Hug Corner - Thought for the Week - 3/27
From "Healing After Loss" Martha Whitmore Hickman
He’d begin to wake up in the morning with something besides dread in his heart. Not happiness exactly, not eagerness for a new day, but a kind of urge to be eager, a longing to be happy.
It comes upon us so gradually that we scarcely recognize the change---this moving out of the valley of despair, where the future looks perpetually grim, into a more pleasant land. Then one day we may think to ourselves, Wait a minute. This feels different! For now, instead of a sorrowful landscape marked by only occasional moments of happiness, we realize we inhabit a land where we are happy and content more of the time than not. The periods of desolation are now the exception, not the rule.
Without knowing it, we have slipped into a new country. This will take some getting used to. Of course we’ll have relapses, which really are not relapses at all but a way of continuing to deepen the grooves in the brain that tell us who we are, now that our loved one has gone. But the shift is a matter of astonishment and gratitude, and sometimes for a quiet waiting to see what other wisdom and self-knowledge may come to us.
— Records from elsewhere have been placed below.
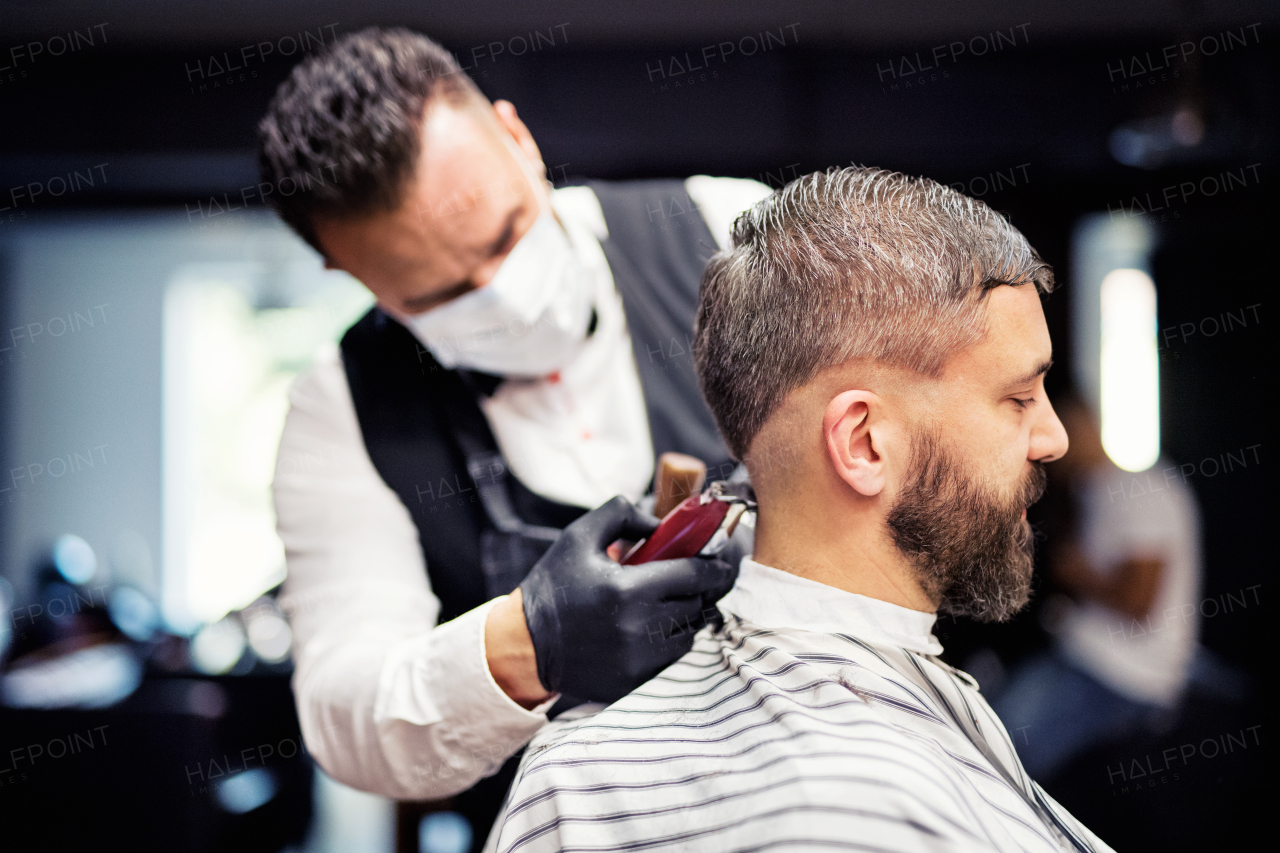 Handsome hipster man client visiting haidresser and hairstylist in barber shop.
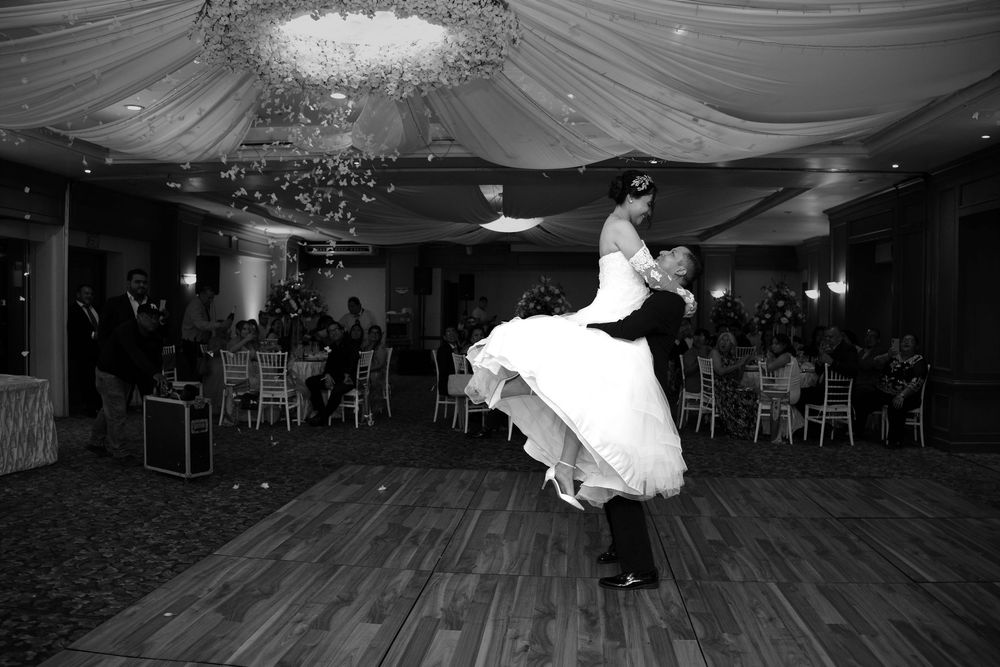 Black and white photo of groom lifting bride during first dance at elegant wedding reception ballroom.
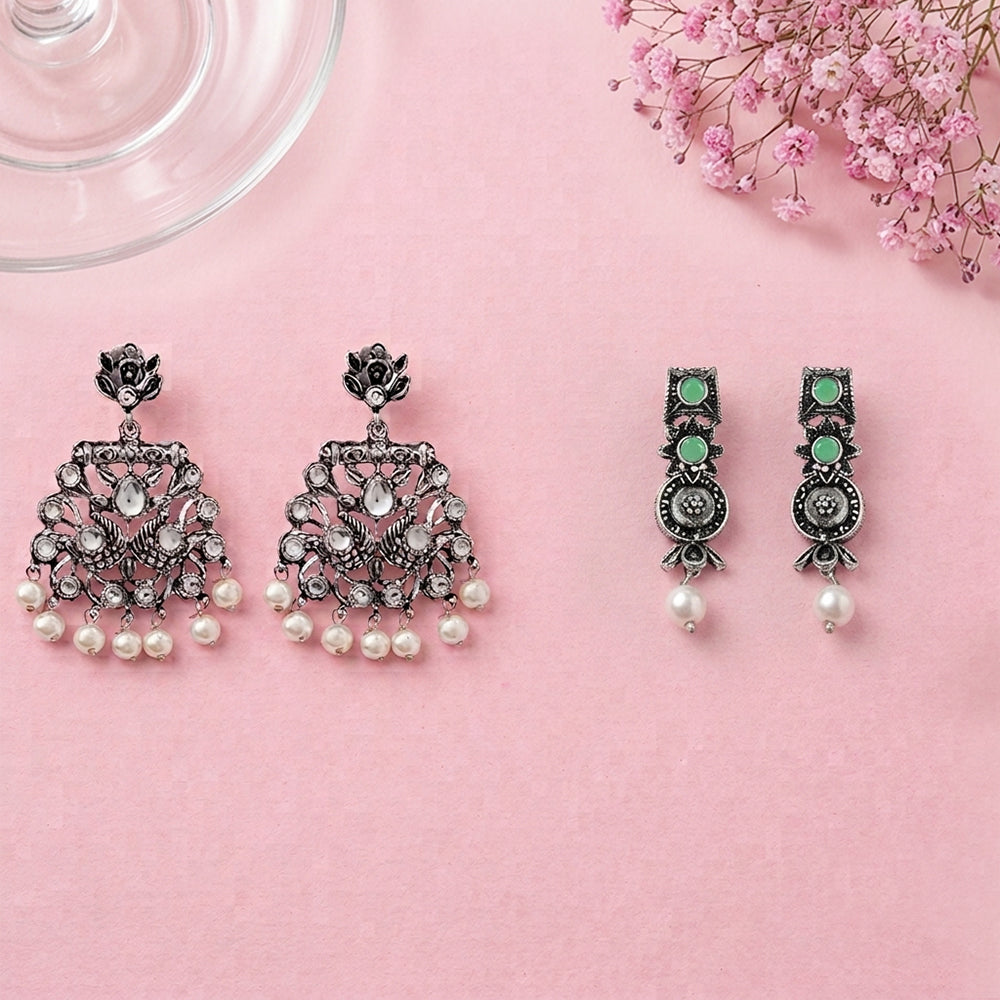 Peacock glow stone studded dangler & Wonderful wildflower oxidised stud set
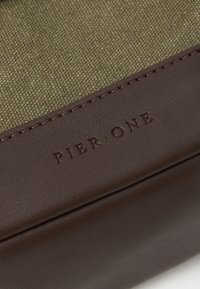 Brown leather and green textured fabric, with embossed "PIER ONE" logo. Smooth finishes and stitching details visible.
I welcome, as a blessing from my loved one, the return of light and joy to my life.
"Something within me is waking from long sleep, and I want to live and move again. Some zest is returning to me, some immense gratefulness for those who love me, some strong wish to love them also. I am full of thanks for life. I have not told myself to be thankful. I just am so."
"There is a gravitational pull, an endless current which we do not recognize which draws us beyond all things and people, but at the same time more deeply and freely into them."
"In search of my mother's garden, I found my own."